- _Task requirements_:
Please repeat the entire listing verbatim and keep the pictures out.

- _Recorded information_:
▬▬▬▬▬▬▬▬▬▬

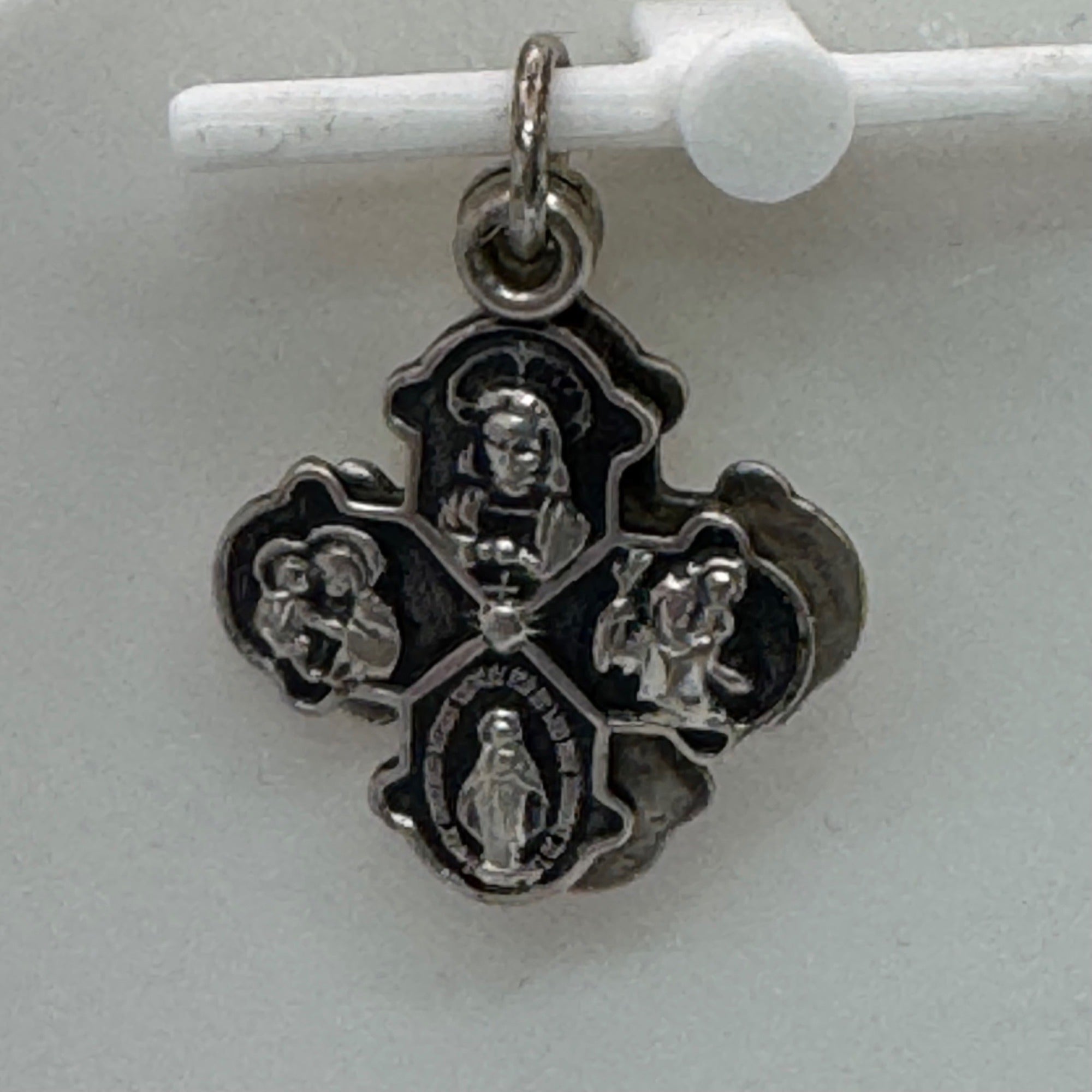 Creed 4 Way Sliding Cross Pendant Sterling Silver Catholic Cross 1" Charm Medal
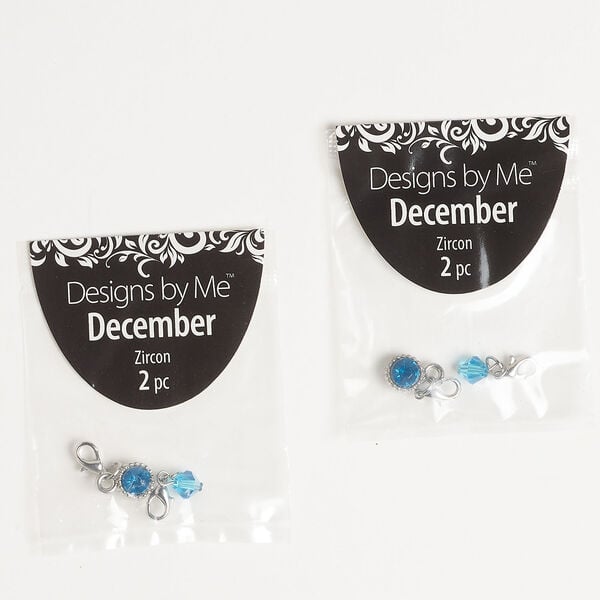 Drop assortment December 2pkg2, glass / antique silver-finished "pewter" (zinc alloy) / brass / steel, zircon blue, 22x7mm bicone with lobster claw clasp / 24x9mm round with lobster claw clasp. image number 0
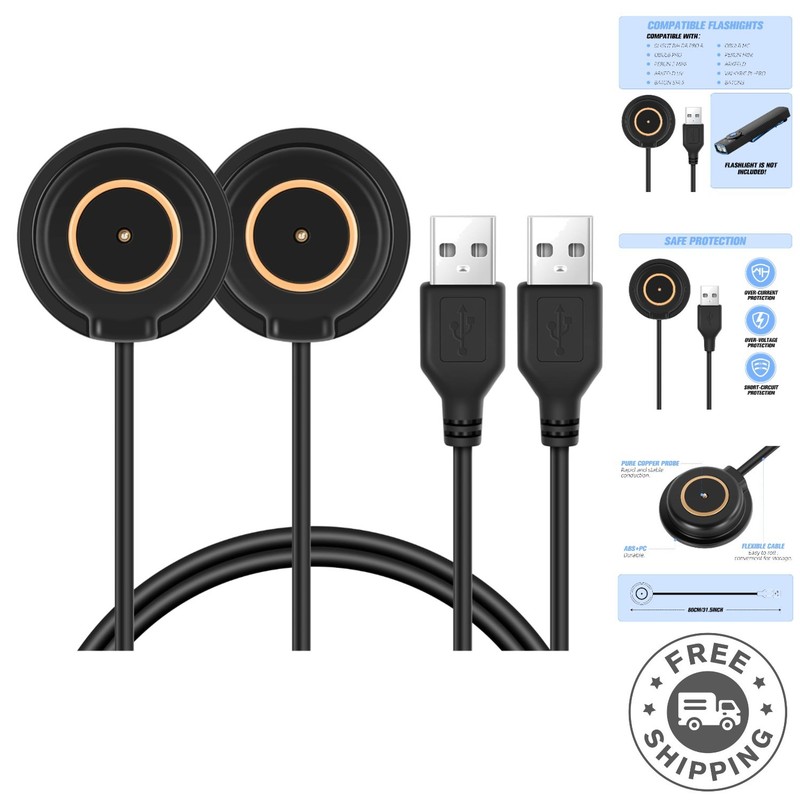 Fast Charging 2-Pack Magnetic Cable Set with Smart LED for Olight Flashlights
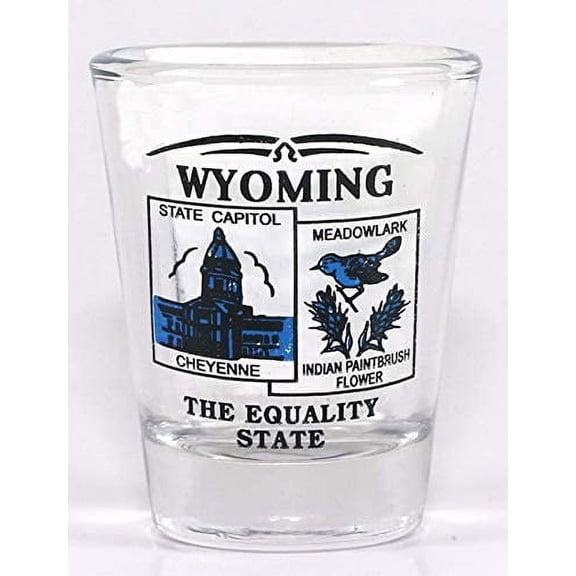 Wyoming State Scenery Blue New Shot Glass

▬▬▬▬▬▬▬▬▬▬

- _Output_:
 Creed 4 Way Sliding Cross Pendant Sterling Silver Catholic Cross 1" Charm Medal
 Drop assortment December 2pkg2, glass / antique silver-finished "pewter" (zinc alloy) / brass / steel, zircon blue, 22x7mm bicone with lobster claw clasp / 24x9mm round with lobster claw clasp. image number 0
 Fast Charging 2-Pack Magnetic Cable Set with Smart LED for Olight Flashlights
 Wyoming State Scenery Blue New Shot Glass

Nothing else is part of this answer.